Sure I had my sister and my niece and they were WONDERFUL as were ALL my friends. However, I'm talking about MY family. My little Tirch family. My loves. My hubby and my babies. I really felt like, without them there, a piece of me was missing.
I have to admit, at one point during the race I had a daydream that my family showed up and was there to cheer me on in the end. I knew it would never come true, but when you're running that far sometimes you hallucinate. Just me? Again?! Damn.
Anyway, I knew they wouldn't be there, but it didn't stop me from wishing it were true. I mean who doesn't want this?
Or this...
or this.
They're my support crew and I missed them a lot!
I figured the kids really didn't care that they were missing a race. I'll be honest, Ella complains a LOT about going to races because she hates waiting for "so long" and she hates to walk. She makes me laugh. The point is, I didn't think they were losing any sleep over missing mama at a race.
Turns out, they were thinking of me all along and I came home to this...

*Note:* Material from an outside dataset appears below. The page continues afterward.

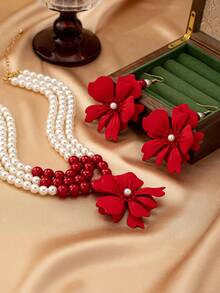 3 件套女士首饰套装，红花三层珍珠项链和耳环套装，波西米亚复古优雅时尚配饰，适合送礼、派对、宴会和日常佩戴 - 紅色 - 查看 5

I think she has me on the podium and I think it's hilarious that she's saying "like"
this...
I love that is black and gold and he has me coming into the finish with my hands up
and this.
I don't know why santa is in the pic, but maybe he runs half marathons too. Also why am I naked?
While they weren't there with me physically, it warms my heart to know when I was wishing for them, they were at home cheering me on with their posters. A piece of me wasn't missing. It was with me all along.